In the last week, local Jewish leaders have voiced their concerns about the Waldheim-Pope meeting to the Most Rev. John Quinn, Archbishop of San Francisco, and to the Papal Nuncio in Washington, D.C.

Others have made more personal statements. Henry Berman, a San Franciscan who is active in both the Jewish community and local polities, has declined to serve on the Mayor’s official Papal welcoming committee because of the meeting.

Joel Brooks, local executive director of the American Jewish Congress, whose national officers pulled out of a planned September 11 meeting between the Pope and Jewish leaders in Miami, said that while Feinstein may be obligated to help sponsor the Pope’s visit, “no self-respecting Jew should aid in this effort by contributing funds to this cause.”

Brooks suggested that Jews who are paying $250 to attend Thursday’s reception by the May-or should “contribute an equal or greater amount to an organization dedicated to assisting victims of the Holocaust.”

Lerner of Tikkun said he is outraged that prominent Jews are helping to pay for the Pope’s San Francisco visit. He called that support “the ultimate in self-abasement.”

Meanwhile, in Los Angeles, a group of rabbis and Jewish leaders is considering boycotting an interfaith meeting with the Pope September 16.

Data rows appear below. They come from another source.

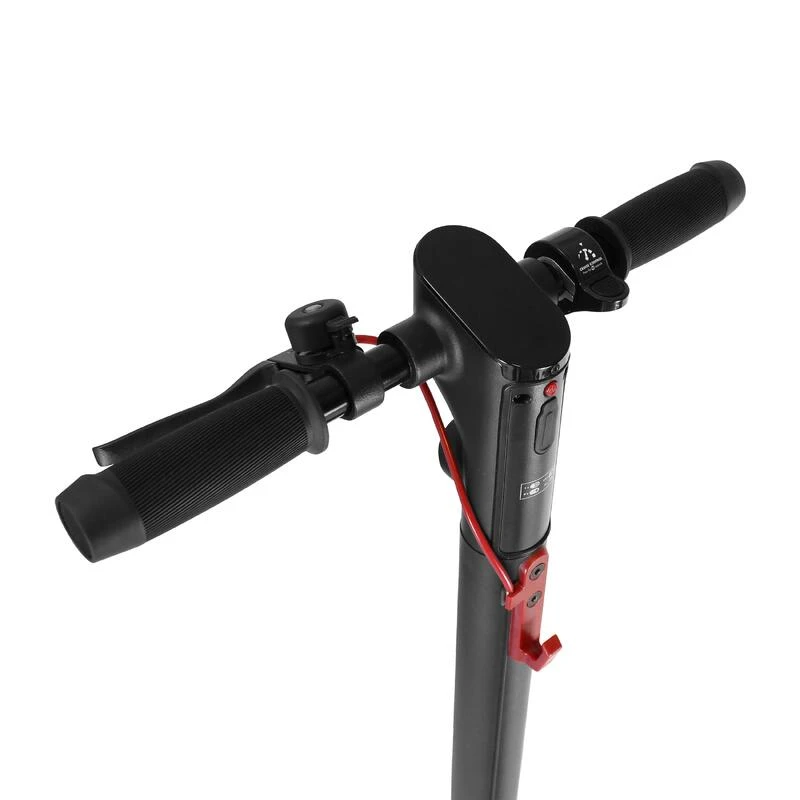 Trottinette électrique Wispeed T865 5 Trottinette électrique Wispeed T865 – Image 5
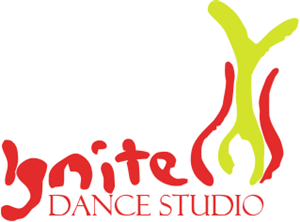 Logo Design by KJB619 for this project | Design: #4144412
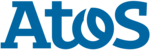 Logo of Lifelink Network systems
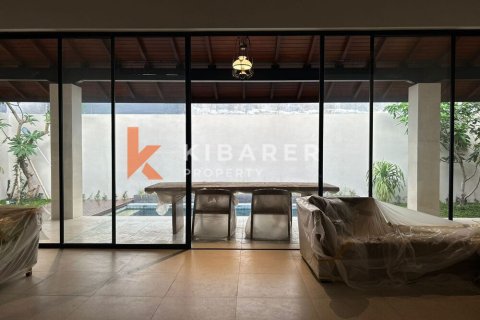 2 bedrooms Villa in Seminyak, Badung, Bali (12787) 5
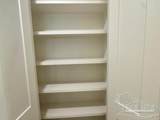 1003 Wright St - Photo 45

It is estimated that the Papal visit to nine U.S. cities will cost approximately $20 million, with the San Francisco leg estimated at about $3.3 million. Proceeds from the Mayor’s fund-raising reception, for which 1,000 invitations were sent out, will go directly to the Archdiocese of San Francisco.

The September 17 Tikkun demonstration is scheduled to be held outside St. Mary’s Cathedral here, where the Pope is scheduled to visit. The teach-in will follow, according to Lerner, at a yet-to-be-determined location.

He added that his group also would like to hold a vigil at the city’s monument to the Holocaust in Lincoln Park “at the same time the Pope leads mass at Candlestick Park.”